“Şeytan aldatması” daha çok ergenlerde, yeniyetmelerde
oluyor.
Gündüzleri hayal ediyorlar.
Gece rüyalarında görüyorlar.
Sabah kalktıklarında bakıyorlar ki yatakları ıslanmış.
***
“400 milletvekili” de bir hayal...
Bir tür şeytan aldatması.
Aldanan, aldandığını da aldattığını da bir türlü fark
edemiyor.
Altını ıslatıp durması bile aklını başına getirmeye
yetmiyor!
Islaklık ne yazık ki akıp durmaya devam eden insan kanı!

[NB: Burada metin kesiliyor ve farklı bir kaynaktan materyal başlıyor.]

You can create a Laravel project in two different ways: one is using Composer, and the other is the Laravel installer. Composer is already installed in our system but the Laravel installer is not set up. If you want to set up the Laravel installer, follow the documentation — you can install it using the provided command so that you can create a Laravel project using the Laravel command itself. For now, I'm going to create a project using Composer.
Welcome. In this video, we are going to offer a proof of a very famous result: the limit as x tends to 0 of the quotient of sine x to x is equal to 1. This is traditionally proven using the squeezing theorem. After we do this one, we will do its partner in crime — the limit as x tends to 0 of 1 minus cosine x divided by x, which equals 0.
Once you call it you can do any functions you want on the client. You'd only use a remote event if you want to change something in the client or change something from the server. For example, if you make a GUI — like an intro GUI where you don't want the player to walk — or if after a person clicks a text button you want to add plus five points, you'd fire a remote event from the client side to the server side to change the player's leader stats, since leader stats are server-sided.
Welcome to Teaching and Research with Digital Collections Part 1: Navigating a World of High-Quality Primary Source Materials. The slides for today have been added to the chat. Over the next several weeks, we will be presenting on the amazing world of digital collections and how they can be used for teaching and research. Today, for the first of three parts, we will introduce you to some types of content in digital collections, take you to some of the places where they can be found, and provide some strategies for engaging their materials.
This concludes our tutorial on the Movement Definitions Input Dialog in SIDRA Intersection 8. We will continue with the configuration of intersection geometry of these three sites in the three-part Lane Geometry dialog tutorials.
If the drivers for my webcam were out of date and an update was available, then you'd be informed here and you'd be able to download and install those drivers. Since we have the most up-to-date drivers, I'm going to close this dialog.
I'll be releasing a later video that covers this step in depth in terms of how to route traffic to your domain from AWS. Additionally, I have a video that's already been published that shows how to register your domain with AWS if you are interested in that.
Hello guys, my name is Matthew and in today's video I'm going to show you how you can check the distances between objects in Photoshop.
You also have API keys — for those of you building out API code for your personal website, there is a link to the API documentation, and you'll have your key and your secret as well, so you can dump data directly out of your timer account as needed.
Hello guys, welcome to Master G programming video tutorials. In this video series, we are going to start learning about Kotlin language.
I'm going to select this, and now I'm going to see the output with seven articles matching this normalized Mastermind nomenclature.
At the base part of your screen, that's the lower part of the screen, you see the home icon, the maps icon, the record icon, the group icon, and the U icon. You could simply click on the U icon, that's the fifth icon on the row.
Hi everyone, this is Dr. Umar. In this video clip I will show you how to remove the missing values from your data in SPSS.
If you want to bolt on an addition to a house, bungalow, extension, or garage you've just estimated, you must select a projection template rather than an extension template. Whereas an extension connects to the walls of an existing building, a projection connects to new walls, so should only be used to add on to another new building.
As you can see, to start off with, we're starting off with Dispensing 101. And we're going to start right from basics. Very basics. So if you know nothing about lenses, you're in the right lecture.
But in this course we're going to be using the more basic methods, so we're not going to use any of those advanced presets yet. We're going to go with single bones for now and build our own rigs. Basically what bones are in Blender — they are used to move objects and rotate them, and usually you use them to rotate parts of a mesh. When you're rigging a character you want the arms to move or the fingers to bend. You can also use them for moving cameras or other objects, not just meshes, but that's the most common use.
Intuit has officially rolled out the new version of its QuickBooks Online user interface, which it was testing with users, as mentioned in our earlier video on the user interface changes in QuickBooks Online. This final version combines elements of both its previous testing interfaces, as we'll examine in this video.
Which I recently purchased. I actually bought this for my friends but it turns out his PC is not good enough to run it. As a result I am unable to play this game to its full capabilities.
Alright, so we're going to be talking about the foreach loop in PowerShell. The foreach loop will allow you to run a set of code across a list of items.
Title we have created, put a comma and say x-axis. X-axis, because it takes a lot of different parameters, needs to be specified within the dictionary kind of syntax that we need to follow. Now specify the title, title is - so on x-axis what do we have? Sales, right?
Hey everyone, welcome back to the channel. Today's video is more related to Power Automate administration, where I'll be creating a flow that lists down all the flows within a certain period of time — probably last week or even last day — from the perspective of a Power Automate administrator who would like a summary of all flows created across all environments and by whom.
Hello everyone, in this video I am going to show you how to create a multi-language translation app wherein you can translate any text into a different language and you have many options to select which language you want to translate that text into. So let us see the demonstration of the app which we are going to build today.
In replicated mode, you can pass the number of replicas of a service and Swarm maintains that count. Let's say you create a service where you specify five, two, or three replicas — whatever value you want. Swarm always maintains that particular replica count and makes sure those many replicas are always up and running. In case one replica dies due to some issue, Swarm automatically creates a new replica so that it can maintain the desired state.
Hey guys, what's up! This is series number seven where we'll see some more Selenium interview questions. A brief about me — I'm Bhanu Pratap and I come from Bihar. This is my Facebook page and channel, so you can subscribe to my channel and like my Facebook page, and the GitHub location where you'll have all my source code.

Elbette üzülüyor ama kendini tutamıyor.
Sadece dama çıkmadığı kaldı!
Sütçü Tevye gibi tekrarlayıp durduyor:
“Ah 400 vekilim olsaydı...
Neler neler yapardım..
Yaşardın gönlünce sen..
Ah bir zengin olsaydım ben...”
Gözü zenginlikte değil, o iş tamam!
Gözü, Başkanlık’ta...
Ama nedense başkan olursa neler yapacağını bir türlü
söylemiyor...
Oysa hali tavrı, gidişatı başkanlardan beter.
Meydanlarda, ekranlarda seçim sürecinin her anına dahil oldu
durdu.
Yetmezmiş gibi, sonuca müdahale edip, “Koalisyon Kurma
Süreci”ni baltaladı!
Tıpkı, Barış Süreci’ni baltalaması gibi.
İstifa etmiş Başbakan’ı maşa olarak kullandı.
Oyaladı oyaladı durdu.
Sonunda “45 günlük süre bitti!” diye kestirip
attı!
Anayasa hukukunu, teamülleri çiğnedi.
Anamuhalefet Partisi’ni devre dışı bıraktı.
Önlemini baştan alıp, Meclis Başkanı seçtirdiği eski
bürokratı İsmet Yılmaz’a danışarak tek başına
seçim kararı aldı.
Çoğunluğu bağımlı bürokrattan oluşan üç HDP’li ile bir iki
de “ünlü” takviyeli göstermelik bir seçim hükümeti
terörün iştahını kabarttı.
Tüm siyasi deneyimi danışmanlıktan ibaret olan, sentetik gülüşlü
Muvakkat Başbakan terörü önleyip barışı nasıl kuracak?